_Requirement:_ Pictures are to be dropped from the copy. Retype the listing exactly.

_Dataset extract:_
* * * * *
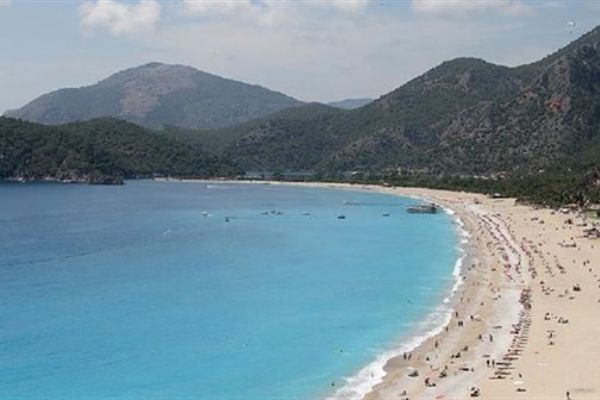 İngiliz yazarın çağrısı turizmcilerin yüzünü güldürdü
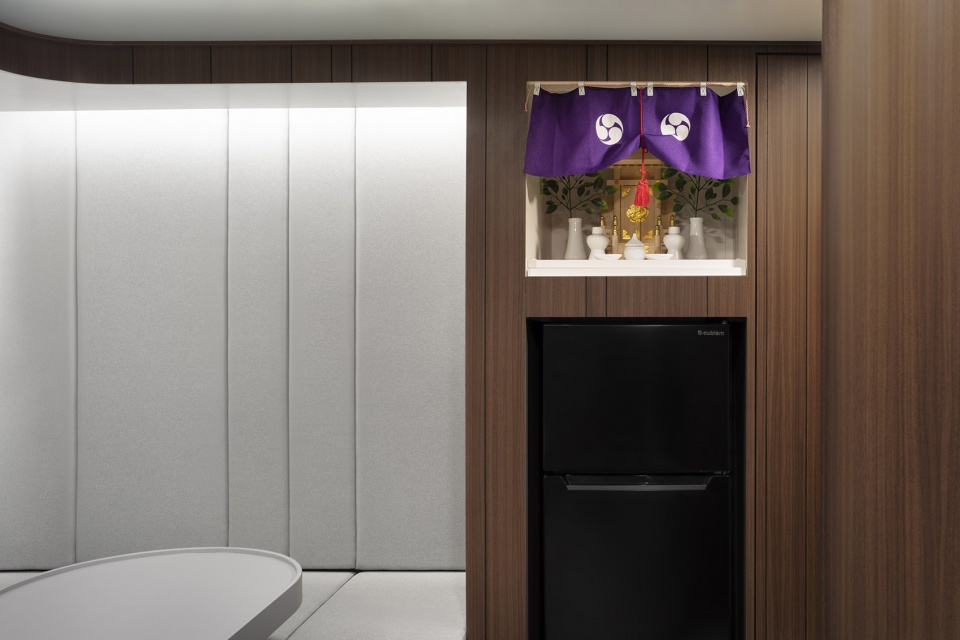 Interior and exterior design for the tuna longliner by nendo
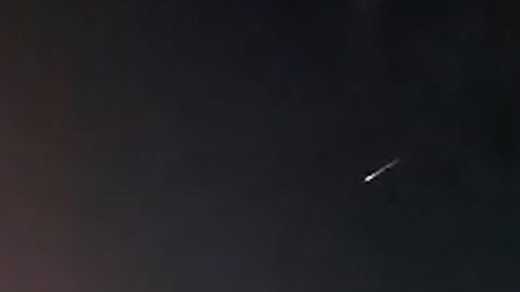 WOW! Watch a slow-moving fireball pass through the skies of La Grange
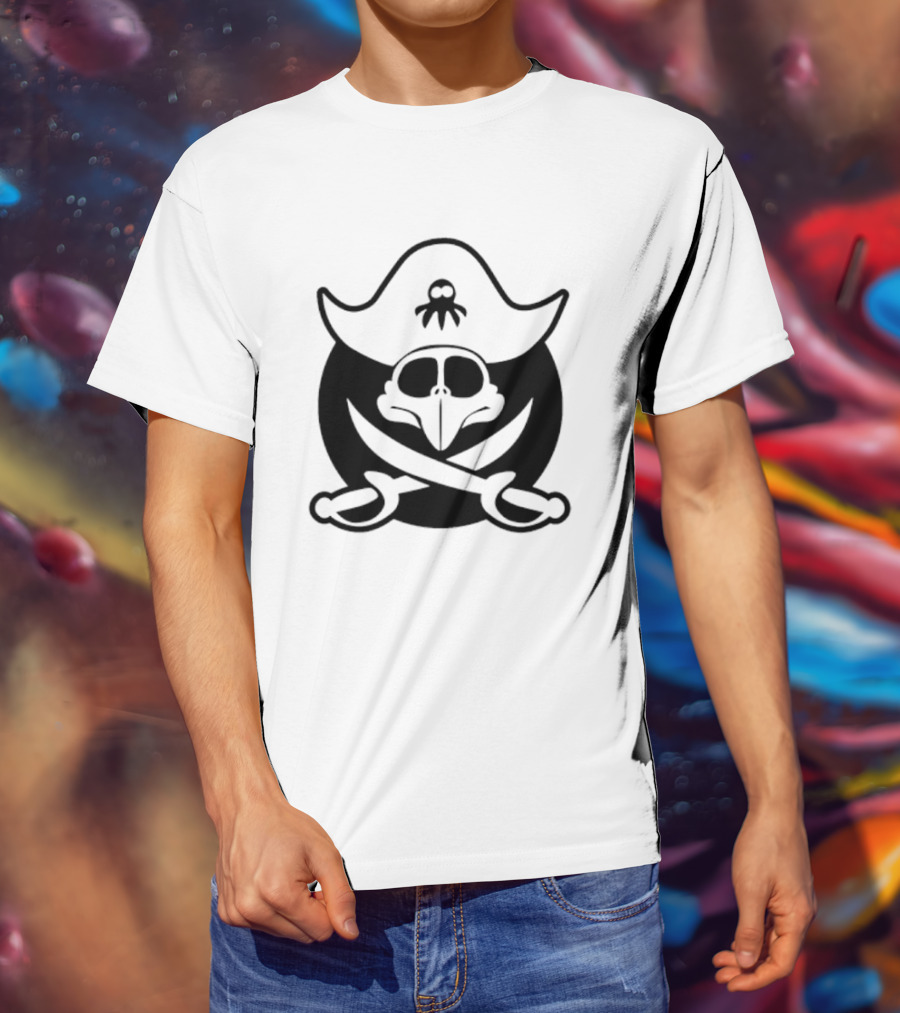 Sascha Grammel Frederic Pirat Skull And Crossed Swords Hat T-Shirt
* * * * *
_Result for this exercise:_
 İngiliz yazarın çağrısı turizmcilerin yüzünü güldürdü
 Interior and exterior design for the tuna longliner by nendo
 WOW! Watch a slow-moving fireball pass through the skies of La Grange
 Sascha Grammel Frederic Pirat Skull And Crossed Swords Hat T-Shirt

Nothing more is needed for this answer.